What the task requires —
Of the lines in the data below, write out exactly those from the one holding "Eco Log 590 F Processadores florestais" through the one holding "5Ml 8Ml Portable", both included.

Caption-style text data:
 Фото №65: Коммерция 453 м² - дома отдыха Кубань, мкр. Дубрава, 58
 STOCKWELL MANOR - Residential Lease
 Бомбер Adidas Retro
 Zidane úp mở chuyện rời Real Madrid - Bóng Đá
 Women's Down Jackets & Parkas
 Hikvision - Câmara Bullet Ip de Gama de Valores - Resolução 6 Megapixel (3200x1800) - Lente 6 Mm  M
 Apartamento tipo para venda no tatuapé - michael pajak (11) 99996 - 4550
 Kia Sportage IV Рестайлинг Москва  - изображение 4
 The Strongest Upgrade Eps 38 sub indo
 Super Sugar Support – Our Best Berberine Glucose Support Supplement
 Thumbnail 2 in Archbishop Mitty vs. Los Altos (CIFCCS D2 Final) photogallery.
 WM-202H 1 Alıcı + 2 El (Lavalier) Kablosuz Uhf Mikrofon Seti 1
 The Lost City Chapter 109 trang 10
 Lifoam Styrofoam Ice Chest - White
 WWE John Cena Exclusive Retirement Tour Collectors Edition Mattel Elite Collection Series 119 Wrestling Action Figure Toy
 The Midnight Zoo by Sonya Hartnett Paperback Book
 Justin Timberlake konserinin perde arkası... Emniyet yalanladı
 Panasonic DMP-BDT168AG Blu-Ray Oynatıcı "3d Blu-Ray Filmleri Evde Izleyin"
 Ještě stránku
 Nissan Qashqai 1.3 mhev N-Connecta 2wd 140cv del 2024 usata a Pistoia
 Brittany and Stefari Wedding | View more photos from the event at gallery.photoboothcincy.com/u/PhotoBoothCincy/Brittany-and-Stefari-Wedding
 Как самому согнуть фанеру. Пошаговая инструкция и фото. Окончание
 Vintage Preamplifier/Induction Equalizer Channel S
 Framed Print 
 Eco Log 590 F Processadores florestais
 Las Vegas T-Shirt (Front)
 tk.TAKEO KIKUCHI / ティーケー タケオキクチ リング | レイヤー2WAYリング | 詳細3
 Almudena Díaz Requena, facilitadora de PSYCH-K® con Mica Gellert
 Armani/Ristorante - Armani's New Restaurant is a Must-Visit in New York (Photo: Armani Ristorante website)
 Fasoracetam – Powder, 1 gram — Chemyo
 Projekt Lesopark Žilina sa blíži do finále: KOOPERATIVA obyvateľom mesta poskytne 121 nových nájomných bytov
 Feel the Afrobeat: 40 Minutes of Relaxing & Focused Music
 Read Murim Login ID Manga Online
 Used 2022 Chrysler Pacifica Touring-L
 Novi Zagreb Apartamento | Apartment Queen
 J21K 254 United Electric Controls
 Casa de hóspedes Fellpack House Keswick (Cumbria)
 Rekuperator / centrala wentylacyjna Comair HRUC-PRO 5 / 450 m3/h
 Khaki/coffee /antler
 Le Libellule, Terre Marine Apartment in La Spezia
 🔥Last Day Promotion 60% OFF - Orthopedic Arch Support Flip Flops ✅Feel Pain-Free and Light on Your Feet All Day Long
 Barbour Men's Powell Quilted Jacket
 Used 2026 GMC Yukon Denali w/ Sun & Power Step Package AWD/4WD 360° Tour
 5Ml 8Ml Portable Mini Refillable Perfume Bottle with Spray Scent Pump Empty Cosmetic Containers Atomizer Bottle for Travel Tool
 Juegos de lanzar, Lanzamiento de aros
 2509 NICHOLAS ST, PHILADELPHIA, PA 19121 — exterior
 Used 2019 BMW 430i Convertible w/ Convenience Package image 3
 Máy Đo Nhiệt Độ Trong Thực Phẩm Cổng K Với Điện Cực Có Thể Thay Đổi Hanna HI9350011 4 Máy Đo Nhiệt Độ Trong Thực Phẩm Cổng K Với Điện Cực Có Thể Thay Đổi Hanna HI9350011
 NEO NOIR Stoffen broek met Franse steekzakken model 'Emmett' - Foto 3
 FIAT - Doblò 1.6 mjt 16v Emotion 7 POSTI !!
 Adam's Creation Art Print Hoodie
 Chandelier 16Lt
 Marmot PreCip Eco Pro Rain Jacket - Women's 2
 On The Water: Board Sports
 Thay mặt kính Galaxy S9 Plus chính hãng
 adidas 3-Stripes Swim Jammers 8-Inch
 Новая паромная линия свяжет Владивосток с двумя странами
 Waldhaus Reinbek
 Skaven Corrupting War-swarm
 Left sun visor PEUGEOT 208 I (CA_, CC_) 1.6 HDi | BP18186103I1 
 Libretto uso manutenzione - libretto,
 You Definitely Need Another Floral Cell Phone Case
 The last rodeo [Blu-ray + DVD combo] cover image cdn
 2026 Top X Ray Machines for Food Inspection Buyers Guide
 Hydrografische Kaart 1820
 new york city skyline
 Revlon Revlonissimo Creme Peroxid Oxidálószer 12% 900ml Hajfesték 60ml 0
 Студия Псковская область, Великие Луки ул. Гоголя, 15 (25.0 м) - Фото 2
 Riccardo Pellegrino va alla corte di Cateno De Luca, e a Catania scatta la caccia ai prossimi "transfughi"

Response to this exercise —
 Eco Log 590 F Processadores florestais
 Las Vegas T-Shirt (Front)
 tk.TAKEO KIKUCHI / ティーケー タケオキクチ リング | レイヤー2WAYリング | 詳細3
 Almudena Díaz Requena, facilitadora de PSYCH-K® con Mica Gellert
 Armani/Ristorante - Armani's New Restaurant is a Must-Visit in New York (Photo: Armani Ristorante website)
 Fasoracetam – Powder, 1 gram — Chemyo
 Projekt Lesopark Žilina sa blíži do finále: KOOPERATIVA obyvateľom mesta poskytne 121 nových nájomných bytov
 Feel the Afrobeat: 40 Minutes of Relaxing & Focused Music
 Read Murim Login ID Manga Online
 Used 2022 Chrysler Pacifica Touring-L
 Novi Zagreb Apartamento | Apartment Queen
 J21K 254 United Electric Controls
 Casa de hóspedes Fellpack House Keswick (Cumbria)
 Rekuperator / centrala wentylacyjna Comair HRUC-PRO 5 / 450 m3/h
 Khaki/coffee /antler
 Le Libellule, Terre Marine Apartment in La Spezia
 🔥Last Day Promotion 60% OFF - Orthopedic Arch Support Flip Flops ✅Feel Pain-Free and Light on Your Feet All Day Long
 Barbour Men's Powell Quilted Jacket
 Used 2026 GMC Yukon Denali w/ Sun & Power Step Package AWD/4WD 360° Tour
 5Ml 8Ml Portable Mini Refillable Perfume Bottle with Spray Scent Pump Empty Cosmetic Containers Atomizer Bottle for Travel Tool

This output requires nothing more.